The attack was the single deadliest Hezbollah attack since the fighting on the Israel-Lebanon border began on October 8, Israel Defense Forces spokesman Rear Adm. Daniel Hagari said on Saturday evening, and all the victims were aged between 10 and 20 years old.
Following the deadly strike, Netanyahu spoke to the spiritual leader of Israel’s Druze community Sheikh Muafak Tarif, the Prime Minister’s Office said, and vowed that Israel would not sit idly by.
“Prime Minister Netanyahu made clear that Israel will not allow the murderous attack to simply pass on by, and that Hezbollah will pay a heavy price for this that it has not paid until this point,” his office said.
The prime minister, who was still in the United States at the time of the attack but cut short his trip by several hours and was expected to land back in Israel early Sunday afternoon, repeated the sentiment in a video message released shortly after.
“Among the murdered were small children who were playing soccer,” he said, “and others were also murdered. Our hearts are all broken by these sights.”
He pledged that Israel would “not let this pass in silence,” and said the whole nation stood together with the Druze community “in its difficult time, which is also our difficult time.”
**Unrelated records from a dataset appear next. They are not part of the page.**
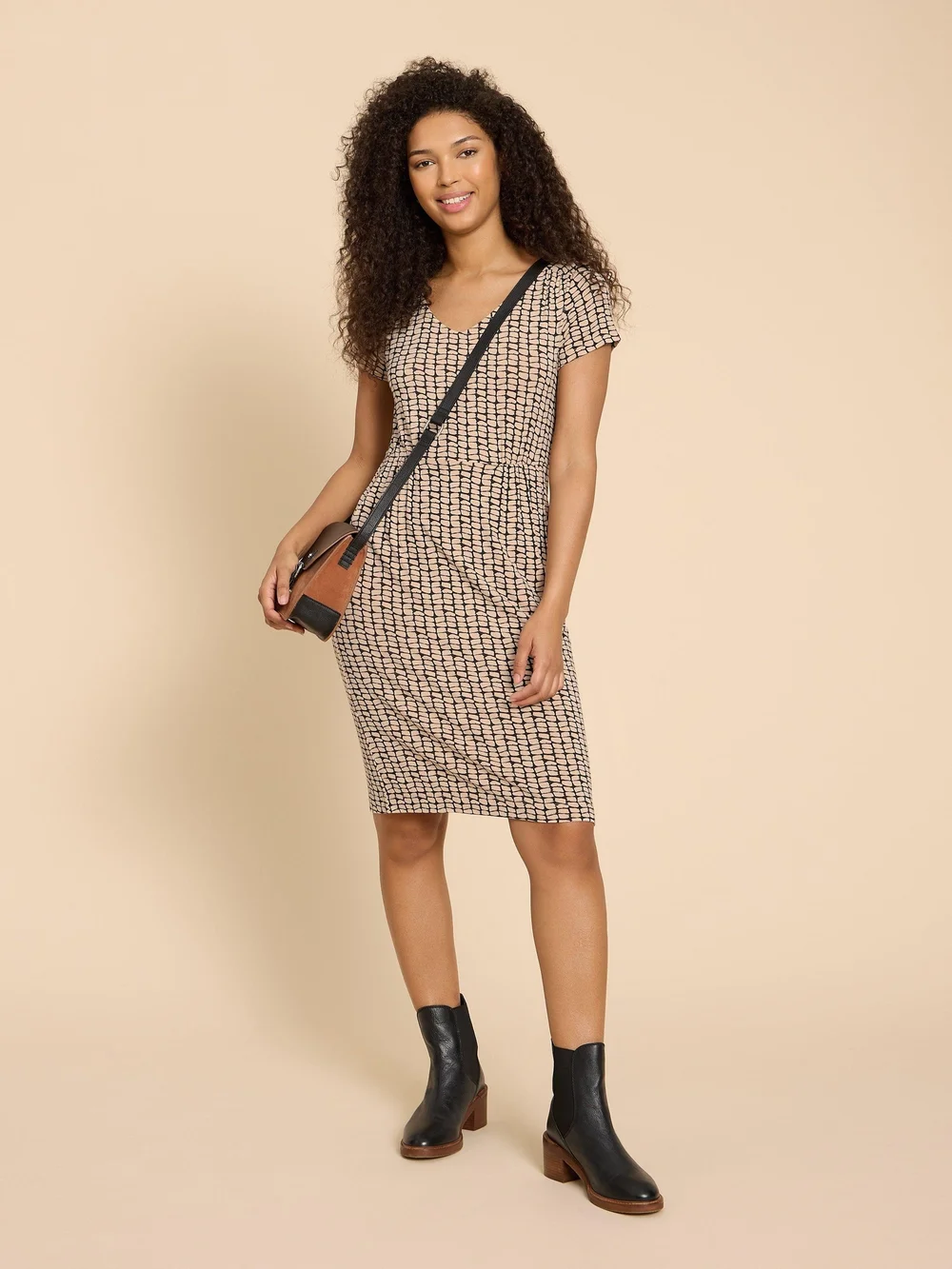 Tallie LENZING™ ECOVERO™ Jerseykleid - Blk Pr - 38/R Bild 1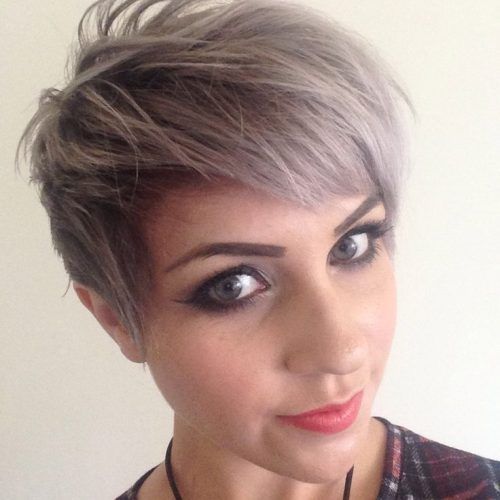 Silver And Brown Pixie Haircuts (Photo 5 of 15)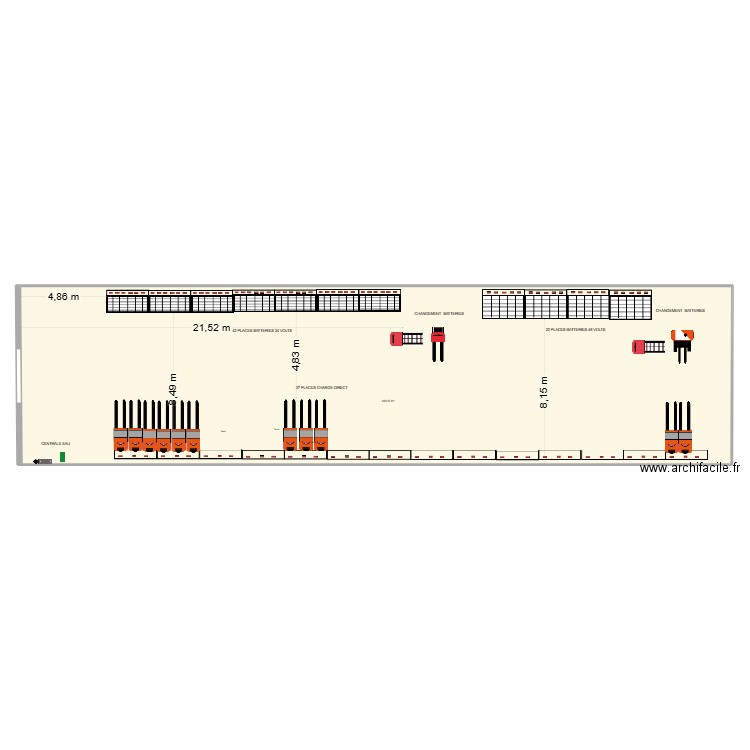 ID BSE  CENTRE. Plan de 1 pièce et 400 m2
Israel’s decision-making security cabinet was set to convene on Sunday afternoon.
In the immediate aftermath of the attack, Defense Minister Yoav Gallant was briefed by top military and security officials on Israel’s options “for action against Hezbollah.”
The meeting was attended by IDF Chief of Staff Lt. Gen. Herzi Halevi, Shin Bet head Ronen Bar and Mossad chief David Barnea, among other officials.
On X, Gallant said he had spoken to Tarif “to share the heavy sorrow that befell the Druze community and the entire Israeli nation.”
He said that in his call with the Druze spiritual leader, he had promised that Israel “will strike the enemy hard.”
Like Netanyahu, security officials have vowed not to go easy on Hezbollah after the deadly attack, which was carried out with an Iranian-made rocket, and have signaled that the 10-month-long deadly confrontation on the Israel-Lebanon border could not be tolerated much longer.
Visiting the scene of the attack on Saturday night, Halevi told community leaders that the terror group, which does not “distinguish between killing Druze or Jews,” would be met with a “very, very significant response” from Israel.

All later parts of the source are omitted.